The collected United Nations dataset can be imported into Team Studio and quickly viewed using the Preview window. The first few rows are shown below:
Workflow
Prior to selecting and running a Linear Regression Operator, various Data Explorer Operators2, such as the Scatter Plot Matrix and Correlation Analysis plots, can be used to quickly assess whether there appears to be any sort of linear relationship between the dependent and independent variables. The following shows part of the Scatter Plot Matrix for some of the UN data:
A Scatter Plot Graph is displayed in the matrix for every pair of selected variables.
In this example, several evident linear relationships are displayed, such as a strong linear relationship between the educationMale and educationFemale variables.
This can be investigated further clicking on the particular Scatter Plot Graph to view one variable (educationFemale) as the Y and the other (educationMale) as the X-axis.

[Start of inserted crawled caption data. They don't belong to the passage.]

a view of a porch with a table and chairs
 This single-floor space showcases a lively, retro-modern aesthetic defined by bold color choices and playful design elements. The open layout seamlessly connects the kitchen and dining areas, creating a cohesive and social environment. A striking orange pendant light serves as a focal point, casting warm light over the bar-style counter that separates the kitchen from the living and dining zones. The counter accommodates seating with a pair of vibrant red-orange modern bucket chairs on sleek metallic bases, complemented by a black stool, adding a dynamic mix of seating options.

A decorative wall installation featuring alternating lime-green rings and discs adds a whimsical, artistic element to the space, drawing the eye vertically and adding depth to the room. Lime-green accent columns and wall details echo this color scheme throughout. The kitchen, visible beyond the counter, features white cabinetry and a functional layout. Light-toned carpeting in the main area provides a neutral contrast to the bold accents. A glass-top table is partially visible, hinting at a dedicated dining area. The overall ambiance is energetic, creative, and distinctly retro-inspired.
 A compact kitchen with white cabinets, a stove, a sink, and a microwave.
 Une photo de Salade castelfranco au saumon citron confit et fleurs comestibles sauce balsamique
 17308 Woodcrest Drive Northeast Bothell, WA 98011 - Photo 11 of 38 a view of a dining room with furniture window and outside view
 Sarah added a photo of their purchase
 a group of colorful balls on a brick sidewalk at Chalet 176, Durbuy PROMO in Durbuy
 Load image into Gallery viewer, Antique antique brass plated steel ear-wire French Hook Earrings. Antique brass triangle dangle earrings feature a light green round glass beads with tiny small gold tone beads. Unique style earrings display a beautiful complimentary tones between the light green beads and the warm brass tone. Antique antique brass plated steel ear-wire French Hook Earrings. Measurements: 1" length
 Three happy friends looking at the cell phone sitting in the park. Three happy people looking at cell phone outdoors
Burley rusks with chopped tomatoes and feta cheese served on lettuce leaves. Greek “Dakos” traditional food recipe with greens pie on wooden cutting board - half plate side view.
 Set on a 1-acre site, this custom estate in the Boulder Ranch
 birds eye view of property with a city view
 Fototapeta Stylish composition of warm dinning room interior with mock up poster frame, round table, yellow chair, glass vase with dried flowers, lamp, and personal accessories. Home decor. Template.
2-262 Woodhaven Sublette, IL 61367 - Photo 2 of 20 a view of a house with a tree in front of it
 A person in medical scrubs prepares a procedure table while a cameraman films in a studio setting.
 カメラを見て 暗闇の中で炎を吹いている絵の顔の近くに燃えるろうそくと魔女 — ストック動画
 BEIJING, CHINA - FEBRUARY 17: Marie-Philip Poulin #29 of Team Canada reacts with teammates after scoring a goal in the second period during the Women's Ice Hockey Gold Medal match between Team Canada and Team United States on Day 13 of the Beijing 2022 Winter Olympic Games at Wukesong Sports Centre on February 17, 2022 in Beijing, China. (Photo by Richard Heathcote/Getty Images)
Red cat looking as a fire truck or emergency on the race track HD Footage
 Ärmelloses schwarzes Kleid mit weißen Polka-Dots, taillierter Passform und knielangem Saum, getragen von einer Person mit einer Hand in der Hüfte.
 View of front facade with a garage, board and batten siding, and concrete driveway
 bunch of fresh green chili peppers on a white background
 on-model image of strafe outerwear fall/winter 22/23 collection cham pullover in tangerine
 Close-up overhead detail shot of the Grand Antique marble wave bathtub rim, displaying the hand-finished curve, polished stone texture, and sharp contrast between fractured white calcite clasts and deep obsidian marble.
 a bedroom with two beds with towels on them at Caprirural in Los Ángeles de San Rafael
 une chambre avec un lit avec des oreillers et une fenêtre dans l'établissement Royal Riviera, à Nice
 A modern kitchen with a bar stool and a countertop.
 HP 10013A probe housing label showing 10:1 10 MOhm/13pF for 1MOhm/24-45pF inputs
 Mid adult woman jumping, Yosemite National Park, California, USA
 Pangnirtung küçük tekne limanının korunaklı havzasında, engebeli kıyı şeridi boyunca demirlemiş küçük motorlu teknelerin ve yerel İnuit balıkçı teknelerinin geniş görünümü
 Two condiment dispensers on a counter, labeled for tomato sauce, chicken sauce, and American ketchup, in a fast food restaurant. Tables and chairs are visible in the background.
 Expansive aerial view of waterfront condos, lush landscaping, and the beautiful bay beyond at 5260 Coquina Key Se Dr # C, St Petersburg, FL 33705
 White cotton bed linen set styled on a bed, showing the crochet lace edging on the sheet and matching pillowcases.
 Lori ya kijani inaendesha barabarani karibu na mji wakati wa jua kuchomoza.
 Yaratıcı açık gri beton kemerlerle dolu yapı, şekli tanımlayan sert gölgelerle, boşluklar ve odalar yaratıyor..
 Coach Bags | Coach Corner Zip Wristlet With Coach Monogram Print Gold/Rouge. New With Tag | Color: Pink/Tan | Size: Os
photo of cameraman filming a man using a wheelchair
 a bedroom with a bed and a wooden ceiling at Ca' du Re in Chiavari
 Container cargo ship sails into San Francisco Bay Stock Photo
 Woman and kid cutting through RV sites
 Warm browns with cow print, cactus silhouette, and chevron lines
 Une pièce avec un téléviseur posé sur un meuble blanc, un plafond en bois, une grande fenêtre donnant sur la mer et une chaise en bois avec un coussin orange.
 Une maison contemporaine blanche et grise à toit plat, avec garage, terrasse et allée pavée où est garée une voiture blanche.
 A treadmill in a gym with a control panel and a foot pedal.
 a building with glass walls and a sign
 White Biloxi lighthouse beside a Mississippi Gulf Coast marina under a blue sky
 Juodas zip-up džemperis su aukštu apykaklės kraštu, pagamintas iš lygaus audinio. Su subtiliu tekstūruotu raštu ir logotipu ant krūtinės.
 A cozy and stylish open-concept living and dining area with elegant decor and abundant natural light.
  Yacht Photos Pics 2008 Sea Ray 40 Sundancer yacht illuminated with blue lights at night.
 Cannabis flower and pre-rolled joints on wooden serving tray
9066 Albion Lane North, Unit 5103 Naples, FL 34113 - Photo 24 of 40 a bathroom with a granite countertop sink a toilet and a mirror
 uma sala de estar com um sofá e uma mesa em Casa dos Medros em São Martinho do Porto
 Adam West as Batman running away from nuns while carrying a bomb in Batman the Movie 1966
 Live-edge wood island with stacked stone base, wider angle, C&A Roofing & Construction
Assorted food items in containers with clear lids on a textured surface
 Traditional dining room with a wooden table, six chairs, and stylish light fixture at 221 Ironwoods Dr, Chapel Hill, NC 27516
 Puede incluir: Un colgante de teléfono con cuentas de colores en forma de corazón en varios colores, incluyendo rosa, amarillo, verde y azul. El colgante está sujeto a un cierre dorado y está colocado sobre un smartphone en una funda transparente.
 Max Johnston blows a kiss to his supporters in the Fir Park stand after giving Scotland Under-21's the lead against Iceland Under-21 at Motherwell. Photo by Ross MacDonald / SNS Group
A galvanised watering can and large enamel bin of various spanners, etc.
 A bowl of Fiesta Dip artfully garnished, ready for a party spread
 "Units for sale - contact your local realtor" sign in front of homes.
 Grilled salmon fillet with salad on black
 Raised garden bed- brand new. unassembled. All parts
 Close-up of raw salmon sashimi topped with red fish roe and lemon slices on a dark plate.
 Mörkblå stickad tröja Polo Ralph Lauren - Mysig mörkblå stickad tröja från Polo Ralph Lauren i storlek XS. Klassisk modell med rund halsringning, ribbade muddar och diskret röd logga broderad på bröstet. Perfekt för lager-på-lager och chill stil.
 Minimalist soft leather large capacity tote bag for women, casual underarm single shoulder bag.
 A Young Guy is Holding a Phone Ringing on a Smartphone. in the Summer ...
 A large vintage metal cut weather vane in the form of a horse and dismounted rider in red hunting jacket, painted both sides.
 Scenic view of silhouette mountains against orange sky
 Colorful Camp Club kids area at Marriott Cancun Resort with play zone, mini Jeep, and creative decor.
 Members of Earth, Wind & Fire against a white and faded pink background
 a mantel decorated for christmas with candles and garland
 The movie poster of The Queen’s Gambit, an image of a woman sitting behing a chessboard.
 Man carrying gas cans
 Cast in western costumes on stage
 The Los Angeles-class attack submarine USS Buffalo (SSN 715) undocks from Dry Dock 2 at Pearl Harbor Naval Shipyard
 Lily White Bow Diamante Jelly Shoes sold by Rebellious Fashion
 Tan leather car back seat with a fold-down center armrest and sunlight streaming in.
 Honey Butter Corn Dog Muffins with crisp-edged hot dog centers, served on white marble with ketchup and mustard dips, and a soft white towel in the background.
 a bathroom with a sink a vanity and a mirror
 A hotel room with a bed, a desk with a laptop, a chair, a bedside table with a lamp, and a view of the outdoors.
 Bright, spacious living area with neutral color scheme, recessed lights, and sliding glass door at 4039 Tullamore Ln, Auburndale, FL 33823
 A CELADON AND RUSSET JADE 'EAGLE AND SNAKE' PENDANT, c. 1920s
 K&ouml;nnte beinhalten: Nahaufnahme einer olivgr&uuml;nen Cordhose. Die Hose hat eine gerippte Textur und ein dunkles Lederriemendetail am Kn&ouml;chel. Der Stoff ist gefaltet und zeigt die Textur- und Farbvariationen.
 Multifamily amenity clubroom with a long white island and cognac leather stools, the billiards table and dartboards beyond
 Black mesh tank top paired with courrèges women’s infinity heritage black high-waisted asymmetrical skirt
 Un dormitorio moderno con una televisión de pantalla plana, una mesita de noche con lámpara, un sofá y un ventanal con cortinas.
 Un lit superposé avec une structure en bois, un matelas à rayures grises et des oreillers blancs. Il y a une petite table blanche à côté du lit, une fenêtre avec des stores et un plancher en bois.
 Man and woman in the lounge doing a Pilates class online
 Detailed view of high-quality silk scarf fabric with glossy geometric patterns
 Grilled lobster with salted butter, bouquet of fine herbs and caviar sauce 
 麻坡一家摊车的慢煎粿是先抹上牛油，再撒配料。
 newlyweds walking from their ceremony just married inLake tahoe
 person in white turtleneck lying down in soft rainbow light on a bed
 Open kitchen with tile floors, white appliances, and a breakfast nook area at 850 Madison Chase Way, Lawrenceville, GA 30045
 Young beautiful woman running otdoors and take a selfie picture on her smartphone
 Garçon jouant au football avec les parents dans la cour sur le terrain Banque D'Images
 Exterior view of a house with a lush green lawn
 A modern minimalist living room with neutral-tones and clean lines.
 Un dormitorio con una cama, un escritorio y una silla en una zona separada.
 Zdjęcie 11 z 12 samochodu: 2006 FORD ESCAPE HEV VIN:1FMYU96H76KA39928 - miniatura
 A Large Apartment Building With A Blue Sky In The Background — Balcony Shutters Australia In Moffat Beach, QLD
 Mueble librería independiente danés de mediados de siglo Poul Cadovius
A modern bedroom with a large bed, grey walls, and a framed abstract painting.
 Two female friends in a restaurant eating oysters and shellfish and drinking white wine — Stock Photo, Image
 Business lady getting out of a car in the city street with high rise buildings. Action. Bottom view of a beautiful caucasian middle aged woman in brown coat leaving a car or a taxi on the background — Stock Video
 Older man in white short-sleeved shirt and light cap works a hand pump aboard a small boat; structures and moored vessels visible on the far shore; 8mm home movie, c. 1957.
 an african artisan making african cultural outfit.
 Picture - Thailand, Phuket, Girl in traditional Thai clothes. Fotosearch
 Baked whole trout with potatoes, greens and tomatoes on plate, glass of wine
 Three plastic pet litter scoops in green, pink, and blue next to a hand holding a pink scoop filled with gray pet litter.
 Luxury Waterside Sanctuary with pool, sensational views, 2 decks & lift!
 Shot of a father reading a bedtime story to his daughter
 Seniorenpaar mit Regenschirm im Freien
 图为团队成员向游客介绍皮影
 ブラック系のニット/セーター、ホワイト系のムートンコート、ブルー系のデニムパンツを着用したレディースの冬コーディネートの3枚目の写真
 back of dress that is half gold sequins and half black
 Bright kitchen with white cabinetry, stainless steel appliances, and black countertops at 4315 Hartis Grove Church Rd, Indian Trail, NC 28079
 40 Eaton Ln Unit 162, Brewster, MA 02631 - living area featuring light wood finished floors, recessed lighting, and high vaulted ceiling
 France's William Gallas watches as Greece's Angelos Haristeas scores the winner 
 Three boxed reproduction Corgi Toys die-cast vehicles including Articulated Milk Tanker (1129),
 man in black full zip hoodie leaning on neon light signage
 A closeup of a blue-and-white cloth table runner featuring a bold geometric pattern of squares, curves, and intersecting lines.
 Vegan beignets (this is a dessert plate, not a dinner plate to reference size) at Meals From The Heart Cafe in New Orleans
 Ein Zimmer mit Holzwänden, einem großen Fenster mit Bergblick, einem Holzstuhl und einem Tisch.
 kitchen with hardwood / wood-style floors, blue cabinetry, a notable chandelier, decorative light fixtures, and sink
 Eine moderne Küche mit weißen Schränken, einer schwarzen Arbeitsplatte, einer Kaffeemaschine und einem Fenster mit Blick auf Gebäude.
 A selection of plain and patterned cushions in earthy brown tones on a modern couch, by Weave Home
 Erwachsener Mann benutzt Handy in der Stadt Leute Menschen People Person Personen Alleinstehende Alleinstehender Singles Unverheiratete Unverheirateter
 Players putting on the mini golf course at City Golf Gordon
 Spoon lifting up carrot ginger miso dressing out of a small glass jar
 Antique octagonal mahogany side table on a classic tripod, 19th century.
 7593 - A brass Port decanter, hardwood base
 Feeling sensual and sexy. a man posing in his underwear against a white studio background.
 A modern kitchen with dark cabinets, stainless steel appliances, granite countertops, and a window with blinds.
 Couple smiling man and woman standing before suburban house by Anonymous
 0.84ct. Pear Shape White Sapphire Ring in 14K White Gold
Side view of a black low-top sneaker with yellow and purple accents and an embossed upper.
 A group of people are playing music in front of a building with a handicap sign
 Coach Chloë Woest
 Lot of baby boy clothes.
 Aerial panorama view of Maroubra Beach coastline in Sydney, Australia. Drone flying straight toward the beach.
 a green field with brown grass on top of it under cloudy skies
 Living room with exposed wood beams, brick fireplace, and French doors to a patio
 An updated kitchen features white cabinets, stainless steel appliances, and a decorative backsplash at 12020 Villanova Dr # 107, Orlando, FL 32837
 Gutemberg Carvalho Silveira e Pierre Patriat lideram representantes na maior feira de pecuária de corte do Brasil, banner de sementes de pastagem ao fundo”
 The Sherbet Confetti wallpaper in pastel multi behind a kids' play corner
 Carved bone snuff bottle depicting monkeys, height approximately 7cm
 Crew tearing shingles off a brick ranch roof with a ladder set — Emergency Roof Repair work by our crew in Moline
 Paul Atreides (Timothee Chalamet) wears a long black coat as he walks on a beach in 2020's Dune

Note that as the education of males goes up, so does the education of females. Looking at this data shows that the number of years a country has female education starts with a 1.3 year deficit with respect to male education, but it grows with a slope above 1 (meaning that countries that educate men longer have less of a deficit in educating women.)
However, these two variables are so perfectly correlated it is suspicious - perhaps they are collinear variables instead? Colinearity is a linear relationship between two explanatory variables in a model. Two variables are perfectly collinear if there is an exact linear relationship between the two. So educationMale and educationFemale are almost collinear and the modeler might likely remove one of them from the model.
Looking at the linear relationship between educationFemale and illiteracyFemale shows the expected result that as education of the female decreases, the illiteracy rate for the females in the country increases.
These results might trigger the idea to create a model that predicts a country's female illiteracy rate based on its female education levels.
One interesting model from this data might be life expectancy as a general indicator of a country's well-being. The predictors might be variables like education, contraception, infant mortality rates, and illiteracy levels. Since the male and female variables in the data are so strongly collinear, the modeler would want to eliminate the redundancy. The educationFemale variable would likely be picked since it indicates both education levels and the emancipation of women and, therefore, has more information contained in its value.
The step of eliminating redundant, or collinear, independent variables is a very important one in linear regression modeling.
Within Team Studio, the modeler can use the Linear Regression Operator to create a model using the United Nations data and a Linear Regression Operator in order to predict the years of lifeFemale as the dependent variable and educationFemale, contraception, infantMortality, and illiteracyFemale as the independent variables, as follows:
Results
The Summary results tab shows the overall Linear Regression equation, coefficient values and variables along with an R2 and Standard Error values for the model.
Note: An R2 value of 0.8915 shows a very high predictive capability (89% predictability). The Standard Error is +/- 3.67 years from the real female life expectancy, which seems like a reasonable error amount.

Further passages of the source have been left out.